It's all about how lean you are.


----------



## rbuecker (Feb 22, 2011)

Hey guys thanks for jumping in!

  The target for me is really "core", my lower core areas (lower abs, hip flexors) are weak from sitting behind a desk most of the day for the last 20 years.  As of two months ago I now stand at work a majority of the time to improve posture, burn a few extra cals, and keep the hams stretched. Sure I've been fairly active outside of work, but a majority of my time has been sitting. I've always loved working out, competing against myself and numbers, martial arts, military for 8 years, etc.

I agree that you both are right about the compound movements, but I have this thought in my head that I need to focus on these few areas for a little bit of time, and then go back into compounds. I'm not happy until I'm deadlifting 405+, squatting 300 for 8-10 reps, and benching at least 225 for 8-10 reps. I also believe that the whole sitting thing, and some of the twisted posture variants that I'm used to has caused enough of an imbalance that I'm not benching 100% with correct form- ie: one arm canted slightly and affecting different muscle groups than the other arm.  This leads, for me, to shoulder pain on my left side after awhile, at which point even with cissus its hard to cope with aside from just stopping.

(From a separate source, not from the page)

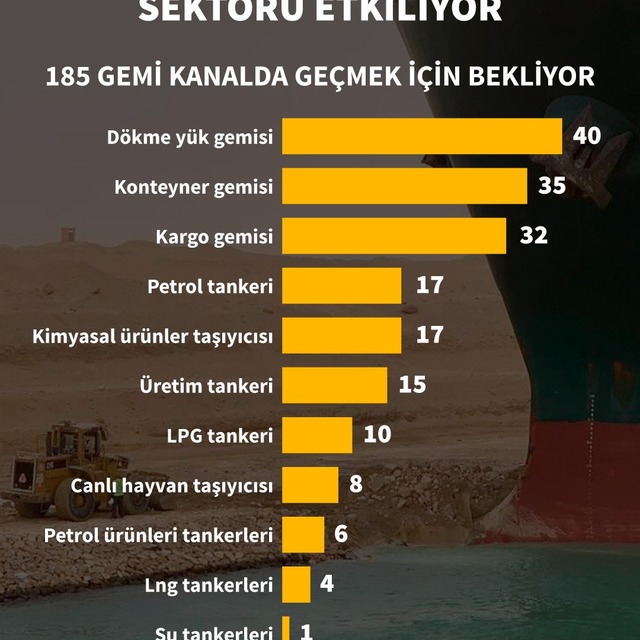Tıkanan Süveyş Kanalı'nda hasar tespiti
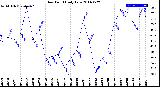 Milwaukee Weather Dew Point<br>Daily Low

The title makes it sound like I'm going to do 6 days of crunches which would be laughable and you'd be right to make fun of it.  Hell I would!

Short version: my lower core needs work, I'm very imbalanced between upper and lower.  I don't necessarily need a 6 pack, but I do want to bulk up the lower part to at least be close to even.  Even with a layer of flub, it will be better than where I'm at now.

Deadlift/squat numbers to answer your question:  DL 8x325 Squat 325x5

This was prior to the medial meniscus tear, and partially why I'm doing these sissy ass exercises until I have more faith in my knee.  I can tell I lost a decent amount of mass on the left side, but it is coming back.


----------



## Phineas (Feb 22, 2011)

rbuecker said:


> Hey guys thanks for jumping in!
> 
> The target for me is really "core", my lower core areas (lower abs, hip flexors) are weak from sitting behind a desk most of the day for the last 20 years.  As of two months ago I now stand at work a majority of the time to improve posture, burn a few extra cals, and keep the hams stretched. Sure I've been fairly active outside of work, but a majority of my time has been sitting. I've always loved working out, competing against myself and numbers, martial arts, military for 8 years, etc.
> 
> ...



Ah ok so you're looking for improved core strength and what sounds like maybe posterior chain? 


Those are some amazing DL and squat numbers, by the way. Very impressive. Your core/abs would have to be very strong already to do that, but of course you had your injury so that poses challenges for you.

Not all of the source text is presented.